Le 23 septembre 2024, le journaliste et écrivain Dawit Isaak, ayant la double nationalité suédoise et érythréenne, a passé 23 ans en détention sans jugement en Érythrée. Lui et ses confrères érythréens Seyoum Tsehaye, Temesgen Ghebreyesus et Amanuel Asrat, avec lesquels il avait été arrêté, sont les plus anciens journalistes détenus au monde.
Il y a dix ans,l’équipe juridique d’Isaak et RSF ont déposé une plainte auprès du ministère public suédois. Le procureur général a estimé qu’il y avait des raisons de croire que des crimes contre l’humanité avaient été commis envers Dawit Isaak et que la responsabilité de ces crimes, qui ont également été commis envers d’autres journalistes, incombait aux dirigeants érythréens. Le procureur général a également affirmé que la police suédoise pouvait enquêter sur ces crimes. Pourtant, il n’a jamais ouvert d’enquête. Après s’être entretenu avec le ministère suédois des Affaires étrangères, il a conclu qu’une enquête risquerait de nuire aux efforts diplomatiques déployés pour la libération de Dawit Isaak.

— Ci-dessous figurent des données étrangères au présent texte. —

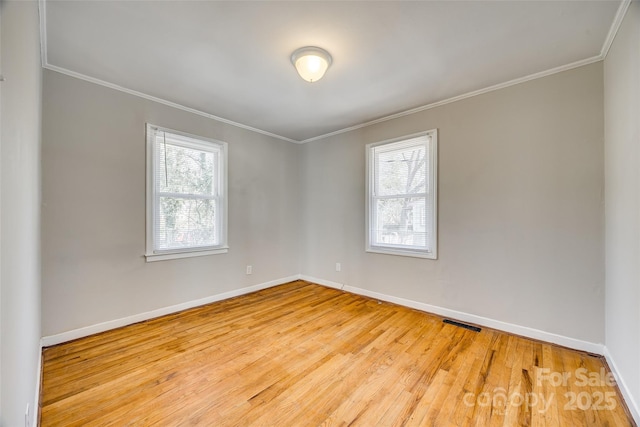 empty room with visible vents, ornamental molding, and a wealth of natural light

Cet argument pouvait être entendu il y a dix ans, il ne tient certainement pas la route aujourd’hui. Les crimes contre l’humanité sont une préoccupation mondiale commune, et la Suède a la lourde responsabilité d’enquêter sur ces crimes présumés. La plainte a été signée par Antoine Bernard, le directeur du plaidoyer et de l’assistance de RSF et par les avocats suédois de Dawit Isaak, Percy Bratt et Jesús Alcalá.

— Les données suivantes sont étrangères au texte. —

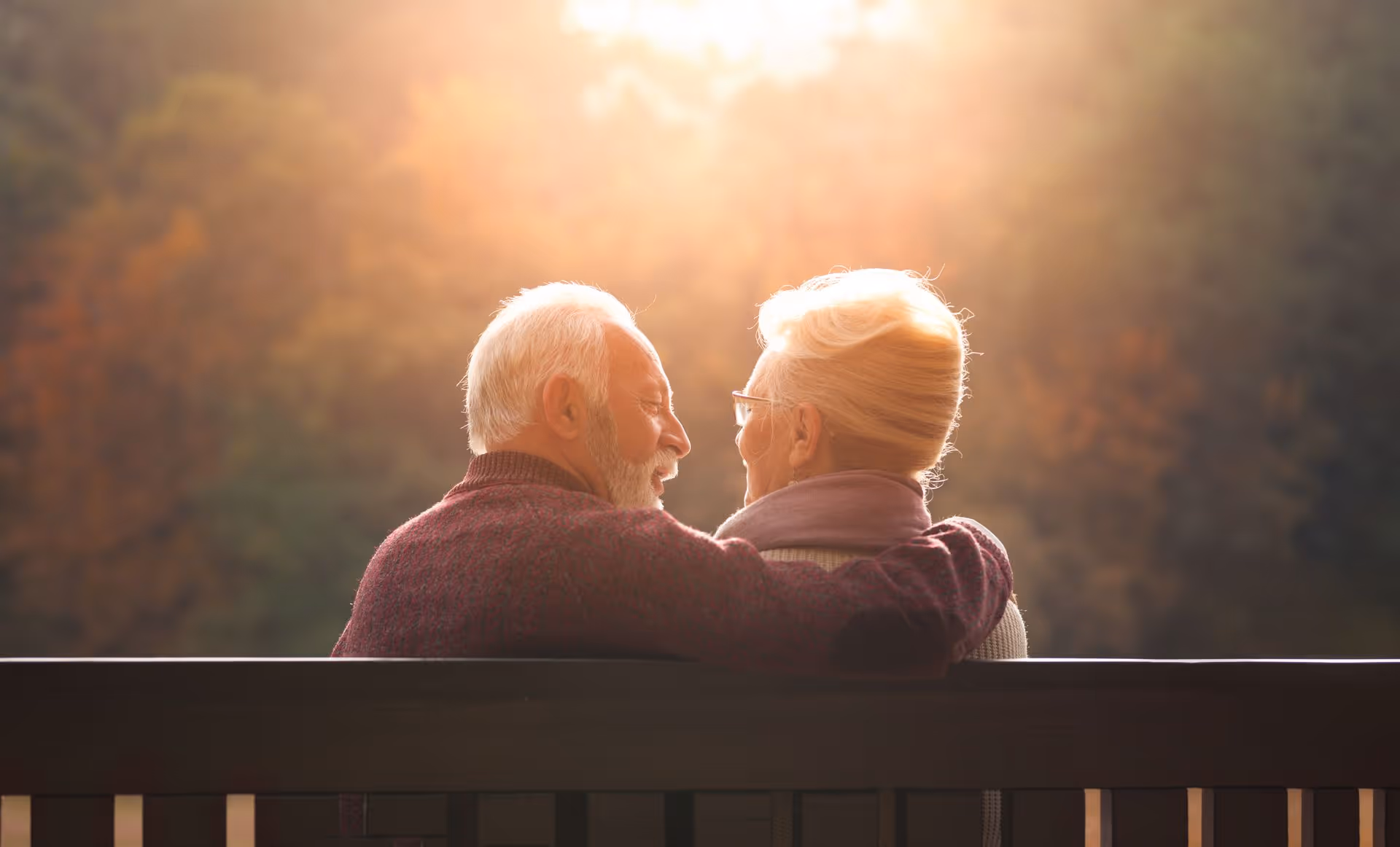 An elderly couple sitting closely together on a bench outdoors, with the man’s arm around the woman, bathed in warm sunlight and surrounded by blurred autumn foliage.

«Après 23 ans de négociations infructueuses, la Suède ne peut plus retarder l’application de la loi dans le cas de Dawit Isaak, le procureur général doit enfin ouvrir une enquête.»
Antoine Bernarddirecteur du plaidoyer et de l’assistance de RSF
«Il est maintenant grand temps pour la Suède d’assumer sa responsabilité internationale.»
Björn Tunbäckmembre du conseil d’administration de Reporters sans frontières Suède
Dans son dernier rapport, la Commission d’enquête des Nations unies sur la situation en Érythrée a affirmé que tous les États membres ont la responsabilité de traduire en justice les suspects de crimes contre l’humanité commis à grande échelle dans le pays.
La Commission africaine des droits de l’homme et des peuples a fermement établi que l’Érythrée viole la Charte africaine des droits de l’homme. Le groupe de travail des Nations unies sur la détention arbitraire, qui a examiné le cas de Dawit Isaak l’année dernière, a estimé que l’Érythrée violait 19 articles du Pacte international relatif aux droits civils et politiques et de la Déclaration universelle des droits de l’homme, que le gouvernement a promis d’honorer.
La plainte est déposée à la demande de RSF, de sa section suédoise et avec le soutien de PEN Suède et du Centre Raoul Wallenberg pour les droits de l’homme au Canada.
Au début du mois, RSF s’est associée au magazine indépendant français Society pour publier une série d’articles rédigés par certains des journalistes emprisonnés les plus connus au monde, dont Dawit Isaak.